Este curso começou como módulos dados dentro do curso de campo EFA, tendo depois evoluído para um curso solo. Agradeço especialmente Elisabeth Kalko, Paulo Peixoto e  Glauco Machado pela oportunidade de começar a ministrar esse curso e pelas discussões sobre vida acadêmica, método científico e filosofia da ciência.

Onde fazer o curso

Este curso é oferecido como disciplina optativa do PPG-ECMVS/UFMG sempre no primeiro semestre de cada ano.

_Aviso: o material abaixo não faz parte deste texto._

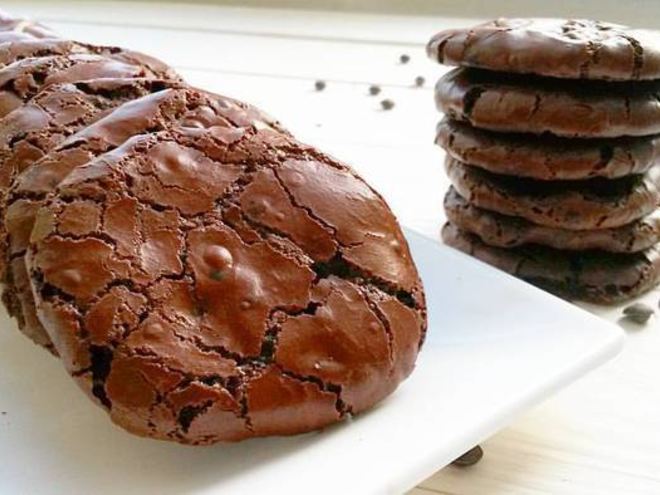 Рецепт шоколадного печенья без муки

A próxima edição será realizada de 06 a 13/03/17 na UFMG, em Belo Horizonte, MG.

Como concorrer a uma vaga

Serão oferecidas ao todo 15 vagas no curso, considerando alunos internos e externos ao PPG-ECMVS/UFMG. A UFMG não permite mais a presença de ouvintes em sala; logo, os alunos selecionados terão que se matricular regularmente dentro do prazo, seguindo o protocolo.

Alunos internos ingressantes  no mestrado e doutorado têm preferência. Contudo, vagas serão reservadas para externos.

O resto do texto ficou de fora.